# Arlington Heights, Il (NW Burb Chicago) player/GM looking for group



## Bestopheles (Jul 7, 2003)

EDIT: I'm in the process of moving to the Chicago area (Arlington Heights, NW Burbs) and I'm trying to get into a group. Games I play/run:

D&D 3.5
Buffy The Vampire Slayer
Mutants and Masterminds
WitchCraft/Unisystem
Nobilis
Unknown Armies
Various White Wolf Games (Mainly Mage, Werewolf, and Orpheus)


If you have a group that's playing these games now and you're looking (or will be looking in the next month or two) for a new player, let me know.

Jason Best


----------



## Bestopheles (Sep 21, 2003)

bump


----------



## Halma (Sep 22, 2003)

*Welcome to the area*

Hey Jason, 

             I have a small group in the NW to W suburbs that is currently playing a Kalamar Game.  I am the GM for the game and would love the additional person to round out the party.  We currently have 4 players plus myself, and a 5th player would greatly enhance the already fun group.  We all have been playing for about 20 years apiece, so consider ourselves veteran and expert gamers (some more than others).  We normally run a pretty loose game and try to have a lot of fun, so if you are interested let me or "Dinkledog" know (he is one of the Moderators for EN-world) and we can arrange a meeting.  We play in Bartlett, and have an abundance of space to move around and game.


Let me know,

Aaron2 "The other Aaron"
AKA Halma  “The Dead Barbarian?”
AKA Shorty


----------



## Ondar (Oct 9, 2003)

Hi.  I'm looking to get into a group.  Please email me back if you still need players.


----------



## thalmin (Oct 9, 2003)

Have you fellas noticed Chicago EN World Game Day, November 15th, Looking for GM's and players? While it's just a one-day event, it's a great chance to meet up with other area gamers. Better yet, it's a chance to meet up with other EN Worlders.


----------



## Halma (Oct 9, 2003)

*Game Day*



			
				thalmin said:
			
		

> Have you fellas noticed Chicago EN World Game Day, November 15th, Looking for GM's and players? While it's just a one-day event, it's a great chance to meet up with other area gamers. Better yet, it's a chance to meet up with other EN Worlders.





Hey Thalmin,

              Long time (I think it was Indy-Con).  I plan on making it to game day but I have several things that are possibly happing at that time that precludes me in making steadfast plans for that weekend.  As soon as my work schedule is solidified I will be signing up for the game day.  I was also trying to hold out for a Mutants and Masterminds game, hoping that someone would be so kind to run one.

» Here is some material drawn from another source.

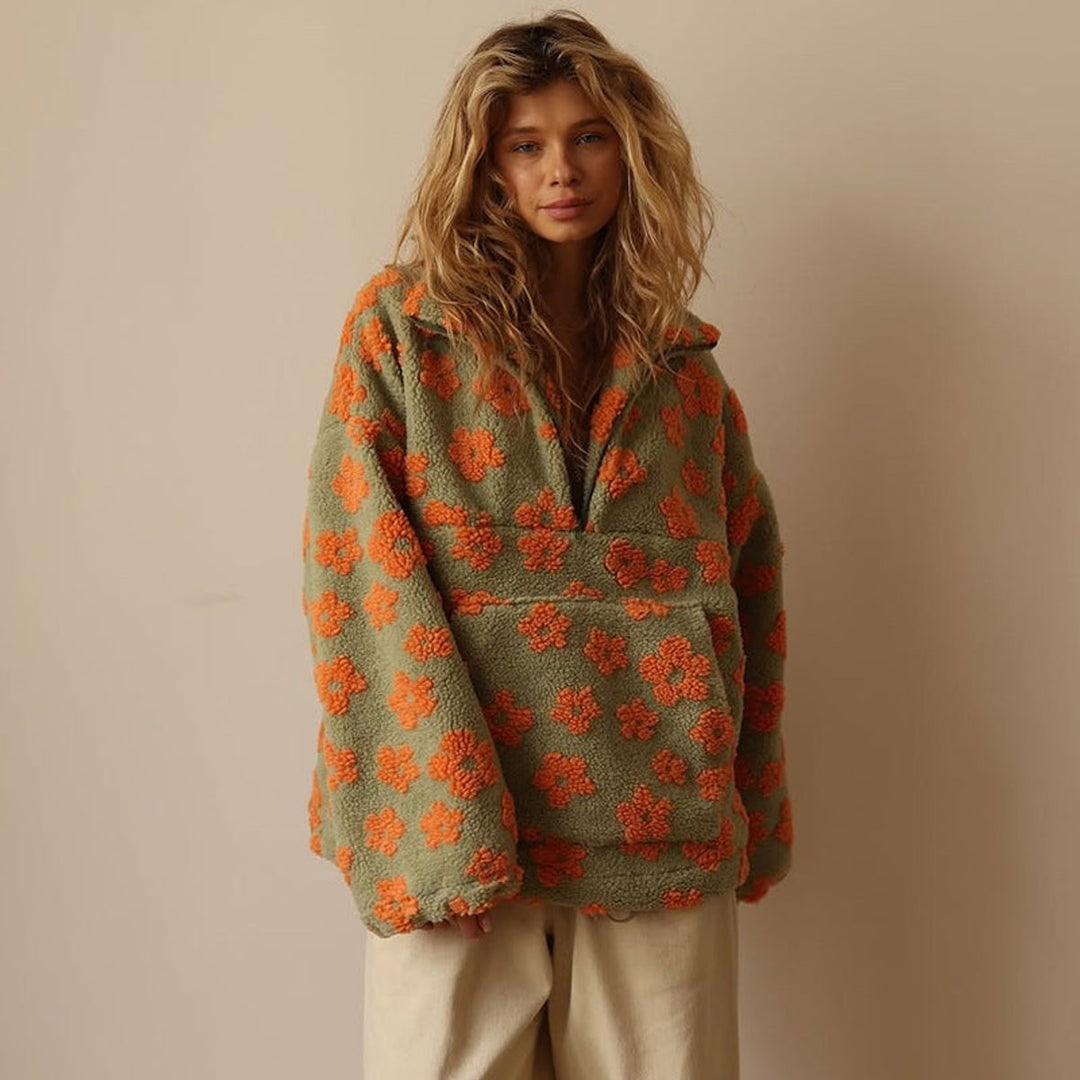 Layla | Women's Oversized Floral Sherpa Fleece Half-Zip Pullover Sweater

Thanks for the response though I really appreciate your letting me know about game day!!


Aaron2


----------



## RoselleGamer (Oct 22, 2003)

*Gamer new to area*

Hey ya'll.  I am fairly new to the area, and looking to get into gaming.  I notice some of ya'll said that you have losts of experience.  I think that may be helpfor to a newbie to gaming.  I am an avid fan of fantasy and of writing.  Let me know if ya'll have room and are willing to work with a new guy.  I tend to catch on quickly to things if that helps out any.  Thanks for any reply.  feel free to email me at brentscheb215@yahoo.com.  or IM me at Yahoo. Screenname: brentscheb215.

thanks ya'll


----------



## Bestopheles (Nov 23, 2003)

Well, I just figured I'd mention that in addition to looking for a group, I'm also willing to run. We can start with an Mutants and Mastermind shorshot to begin with, and if people like the game and the GM, then maybe we can start a long campaign. 

If you're in the area and interested, let me know. I'm toying with starting the campaign with a demo at Gamer's plus. 

Thanks,
Jason


----------